*Task to complete*.
Repeat the lines from the line with "The LEGO Ninjago" to the line with "Kilátás Amalfi Part" in the listing below, keeping both end lines and adding nothing.

*Dataset content*.
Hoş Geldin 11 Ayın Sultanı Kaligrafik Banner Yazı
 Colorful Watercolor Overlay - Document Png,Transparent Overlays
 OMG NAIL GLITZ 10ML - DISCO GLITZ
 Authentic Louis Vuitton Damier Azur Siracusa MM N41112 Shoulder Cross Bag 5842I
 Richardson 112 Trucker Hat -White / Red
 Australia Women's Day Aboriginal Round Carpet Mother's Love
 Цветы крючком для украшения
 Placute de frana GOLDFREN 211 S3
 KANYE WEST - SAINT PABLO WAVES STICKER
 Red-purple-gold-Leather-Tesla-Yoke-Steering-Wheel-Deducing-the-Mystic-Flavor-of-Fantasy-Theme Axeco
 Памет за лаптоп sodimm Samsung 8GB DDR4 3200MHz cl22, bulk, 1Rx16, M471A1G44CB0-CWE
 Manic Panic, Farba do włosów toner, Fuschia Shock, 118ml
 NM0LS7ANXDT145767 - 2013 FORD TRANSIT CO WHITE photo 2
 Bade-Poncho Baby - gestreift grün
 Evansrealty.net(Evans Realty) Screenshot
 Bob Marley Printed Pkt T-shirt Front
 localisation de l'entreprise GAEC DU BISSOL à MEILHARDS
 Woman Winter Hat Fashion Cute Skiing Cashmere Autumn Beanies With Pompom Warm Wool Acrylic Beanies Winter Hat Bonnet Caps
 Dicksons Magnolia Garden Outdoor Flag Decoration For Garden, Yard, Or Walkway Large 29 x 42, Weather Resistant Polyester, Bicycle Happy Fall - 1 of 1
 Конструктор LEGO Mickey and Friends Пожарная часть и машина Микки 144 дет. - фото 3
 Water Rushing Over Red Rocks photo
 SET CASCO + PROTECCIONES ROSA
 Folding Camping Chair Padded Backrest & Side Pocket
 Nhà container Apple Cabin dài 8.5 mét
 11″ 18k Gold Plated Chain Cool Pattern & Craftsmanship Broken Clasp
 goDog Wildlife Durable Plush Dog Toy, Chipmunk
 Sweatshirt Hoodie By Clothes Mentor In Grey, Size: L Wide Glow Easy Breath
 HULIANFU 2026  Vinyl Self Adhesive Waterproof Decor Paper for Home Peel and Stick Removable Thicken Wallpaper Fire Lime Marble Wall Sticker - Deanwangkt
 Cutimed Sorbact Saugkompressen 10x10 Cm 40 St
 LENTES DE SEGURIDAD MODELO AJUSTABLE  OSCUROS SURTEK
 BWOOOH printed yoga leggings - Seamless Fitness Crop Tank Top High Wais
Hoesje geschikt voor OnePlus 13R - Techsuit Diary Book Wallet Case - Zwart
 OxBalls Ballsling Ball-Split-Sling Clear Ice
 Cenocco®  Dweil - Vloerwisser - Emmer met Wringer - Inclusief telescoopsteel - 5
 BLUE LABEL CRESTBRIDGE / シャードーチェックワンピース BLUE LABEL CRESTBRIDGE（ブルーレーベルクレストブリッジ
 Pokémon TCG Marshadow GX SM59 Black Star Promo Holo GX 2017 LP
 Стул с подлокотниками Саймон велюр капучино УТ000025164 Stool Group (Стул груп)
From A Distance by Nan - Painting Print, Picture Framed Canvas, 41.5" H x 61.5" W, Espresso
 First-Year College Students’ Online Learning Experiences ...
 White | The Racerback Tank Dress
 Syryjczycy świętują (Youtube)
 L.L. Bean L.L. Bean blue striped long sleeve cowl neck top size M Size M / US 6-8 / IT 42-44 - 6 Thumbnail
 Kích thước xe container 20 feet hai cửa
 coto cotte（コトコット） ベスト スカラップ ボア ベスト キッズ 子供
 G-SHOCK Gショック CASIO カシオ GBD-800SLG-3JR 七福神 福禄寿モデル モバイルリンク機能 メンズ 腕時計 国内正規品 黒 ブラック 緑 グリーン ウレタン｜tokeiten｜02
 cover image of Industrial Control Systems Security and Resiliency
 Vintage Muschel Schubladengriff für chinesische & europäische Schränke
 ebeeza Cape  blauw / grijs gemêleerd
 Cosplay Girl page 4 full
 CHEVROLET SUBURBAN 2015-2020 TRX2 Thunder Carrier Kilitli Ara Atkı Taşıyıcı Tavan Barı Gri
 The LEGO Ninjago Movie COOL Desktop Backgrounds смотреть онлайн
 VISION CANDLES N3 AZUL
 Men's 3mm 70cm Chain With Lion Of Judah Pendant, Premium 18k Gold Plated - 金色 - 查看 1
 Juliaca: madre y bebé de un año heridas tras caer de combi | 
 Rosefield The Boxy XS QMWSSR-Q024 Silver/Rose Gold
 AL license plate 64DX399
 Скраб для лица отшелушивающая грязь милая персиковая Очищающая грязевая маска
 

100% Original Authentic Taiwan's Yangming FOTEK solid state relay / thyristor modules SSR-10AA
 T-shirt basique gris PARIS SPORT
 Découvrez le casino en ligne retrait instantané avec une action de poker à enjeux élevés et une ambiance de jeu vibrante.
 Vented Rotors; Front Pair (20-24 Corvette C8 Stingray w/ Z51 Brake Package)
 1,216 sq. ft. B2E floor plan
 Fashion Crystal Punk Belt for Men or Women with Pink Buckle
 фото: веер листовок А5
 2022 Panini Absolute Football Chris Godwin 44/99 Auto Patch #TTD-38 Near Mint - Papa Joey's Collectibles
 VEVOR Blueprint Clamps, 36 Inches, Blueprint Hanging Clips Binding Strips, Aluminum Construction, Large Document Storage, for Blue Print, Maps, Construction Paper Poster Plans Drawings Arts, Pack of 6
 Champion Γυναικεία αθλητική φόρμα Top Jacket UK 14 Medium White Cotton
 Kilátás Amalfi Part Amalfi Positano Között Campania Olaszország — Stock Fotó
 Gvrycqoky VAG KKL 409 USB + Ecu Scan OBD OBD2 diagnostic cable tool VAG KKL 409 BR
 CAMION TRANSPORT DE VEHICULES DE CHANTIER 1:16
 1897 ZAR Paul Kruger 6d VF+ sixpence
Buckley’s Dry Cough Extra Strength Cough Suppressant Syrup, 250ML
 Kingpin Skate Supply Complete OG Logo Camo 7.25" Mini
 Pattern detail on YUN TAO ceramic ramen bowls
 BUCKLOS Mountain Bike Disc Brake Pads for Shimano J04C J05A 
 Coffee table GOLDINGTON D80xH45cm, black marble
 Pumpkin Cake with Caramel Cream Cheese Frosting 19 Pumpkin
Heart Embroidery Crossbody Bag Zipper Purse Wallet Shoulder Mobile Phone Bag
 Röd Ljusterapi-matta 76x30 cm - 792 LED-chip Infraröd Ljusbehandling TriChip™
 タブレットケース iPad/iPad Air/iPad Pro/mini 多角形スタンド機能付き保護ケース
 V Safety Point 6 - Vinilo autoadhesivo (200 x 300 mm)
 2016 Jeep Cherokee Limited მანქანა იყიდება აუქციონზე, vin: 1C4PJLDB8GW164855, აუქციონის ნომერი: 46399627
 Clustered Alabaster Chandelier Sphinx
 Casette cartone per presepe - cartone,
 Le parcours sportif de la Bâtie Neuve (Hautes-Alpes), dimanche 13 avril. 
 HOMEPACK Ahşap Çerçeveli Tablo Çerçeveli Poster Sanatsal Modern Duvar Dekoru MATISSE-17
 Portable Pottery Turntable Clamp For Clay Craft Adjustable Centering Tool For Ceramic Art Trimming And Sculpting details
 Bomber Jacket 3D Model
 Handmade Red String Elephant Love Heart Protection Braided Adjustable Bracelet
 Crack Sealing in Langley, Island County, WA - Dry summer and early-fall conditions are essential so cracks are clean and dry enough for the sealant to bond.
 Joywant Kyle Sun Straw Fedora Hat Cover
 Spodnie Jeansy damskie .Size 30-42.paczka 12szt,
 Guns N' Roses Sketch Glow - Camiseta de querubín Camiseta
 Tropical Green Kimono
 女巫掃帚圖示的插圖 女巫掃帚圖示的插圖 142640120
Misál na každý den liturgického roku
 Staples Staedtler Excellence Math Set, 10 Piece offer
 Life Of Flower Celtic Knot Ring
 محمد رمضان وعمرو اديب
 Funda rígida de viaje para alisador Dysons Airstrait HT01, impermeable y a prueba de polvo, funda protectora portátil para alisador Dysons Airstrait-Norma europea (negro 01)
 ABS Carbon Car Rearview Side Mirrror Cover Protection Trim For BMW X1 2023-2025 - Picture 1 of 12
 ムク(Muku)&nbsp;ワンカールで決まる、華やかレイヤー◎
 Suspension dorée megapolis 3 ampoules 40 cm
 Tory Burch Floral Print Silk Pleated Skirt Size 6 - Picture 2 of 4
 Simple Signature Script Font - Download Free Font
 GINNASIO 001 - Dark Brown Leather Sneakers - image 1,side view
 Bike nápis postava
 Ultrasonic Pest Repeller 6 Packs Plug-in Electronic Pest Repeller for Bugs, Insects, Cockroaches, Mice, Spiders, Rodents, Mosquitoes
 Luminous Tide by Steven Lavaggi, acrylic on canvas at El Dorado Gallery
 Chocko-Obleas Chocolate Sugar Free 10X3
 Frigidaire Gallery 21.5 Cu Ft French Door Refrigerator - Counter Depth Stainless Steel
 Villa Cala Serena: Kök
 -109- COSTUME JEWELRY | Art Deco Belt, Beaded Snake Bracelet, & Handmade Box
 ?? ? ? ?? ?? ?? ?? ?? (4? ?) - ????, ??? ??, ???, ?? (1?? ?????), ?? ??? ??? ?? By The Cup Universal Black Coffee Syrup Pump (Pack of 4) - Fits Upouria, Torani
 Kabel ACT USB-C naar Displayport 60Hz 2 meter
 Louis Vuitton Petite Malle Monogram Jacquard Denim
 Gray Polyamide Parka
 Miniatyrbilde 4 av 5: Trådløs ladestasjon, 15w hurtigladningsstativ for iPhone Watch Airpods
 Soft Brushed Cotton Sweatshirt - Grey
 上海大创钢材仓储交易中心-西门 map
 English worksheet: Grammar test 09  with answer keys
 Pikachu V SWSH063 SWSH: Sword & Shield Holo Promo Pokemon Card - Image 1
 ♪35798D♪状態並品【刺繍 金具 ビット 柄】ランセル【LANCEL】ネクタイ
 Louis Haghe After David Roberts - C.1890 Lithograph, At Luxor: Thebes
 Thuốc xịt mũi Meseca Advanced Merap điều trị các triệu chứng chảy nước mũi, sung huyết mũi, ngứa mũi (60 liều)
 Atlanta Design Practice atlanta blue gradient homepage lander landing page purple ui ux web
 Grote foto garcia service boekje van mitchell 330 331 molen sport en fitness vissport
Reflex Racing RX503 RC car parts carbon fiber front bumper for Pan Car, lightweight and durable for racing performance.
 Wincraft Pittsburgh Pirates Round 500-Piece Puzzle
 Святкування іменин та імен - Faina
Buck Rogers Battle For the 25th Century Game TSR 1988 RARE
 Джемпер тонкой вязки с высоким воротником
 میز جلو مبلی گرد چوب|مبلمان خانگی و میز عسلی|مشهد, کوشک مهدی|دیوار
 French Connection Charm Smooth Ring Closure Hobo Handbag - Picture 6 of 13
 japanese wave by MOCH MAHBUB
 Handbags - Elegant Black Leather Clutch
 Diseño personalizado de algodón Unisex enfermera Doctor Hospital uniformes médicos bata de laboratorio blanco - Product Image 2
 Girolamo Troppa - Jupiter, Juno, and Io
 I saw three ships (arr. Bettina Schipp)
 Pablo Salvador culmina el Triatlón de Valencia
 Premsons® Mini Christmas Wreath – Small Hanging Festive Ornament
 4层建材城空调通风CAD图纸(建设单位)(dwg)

*Output of the exercise*.
 The LEGO Ninjago Movie COOL Desktop Backgrounds смотреть онлайн
 VISION CANDLES N3 AZUL
 Men's 3mm 70cm Chain With Lion Of Judah Pendant, Premium 18k Gold Plated - 金色 - 查看 1
 Juliaca: madre y bebé de un año heridas tras caer de combi | 
 Rosefield The Boxy XS QMWSSR-Q024 Silver/Rose Gold
 AL license plate 64DX399
 Скраб для лица отшелушивающая грязь милая персиковая Очищающая грязевая маска
 

100% Original Authentic Taiwan's Yangming FOTEK solid state relay / thyristor modules SSR-10AA
 T-shirt basique gris PARIS SPORT
 Découvrez le casino en ligne retrait instantané avec une action de poker à enjeux élevés et une ambiance de jeu vibrante.
 Vented Rotors; Front Pair (20-24 Corvette C8 Stingray w/ Z51 Brake Package)
 1,216 sq. ft. B2E floor plan
 Fashion Crystal Punk Belt for Men or Women with Pink Buckle
 фото: веер листовок А5
 2022 Panini Absolute Football Chris Godwin 44/99 Auto Patch #TTD-38 Near Mint - Papa Joey's Collectibles
 VEVOR Blueprint Clamps, 36 Inches, Blueprint Hanging Clips Binding Strips, Aluminum Construction, Large Document Storage, for Blue Print, Maps, Construction Paper Poster Plans Drawings Arts, Pack of 6
 Champion Γυναικεία αθλητική φόρμα Top Jacket UK 14 Medium White Cotton
 Kilátás Amalfi Part Amalfi Positano Között Campania Olaszország — Stock Fotó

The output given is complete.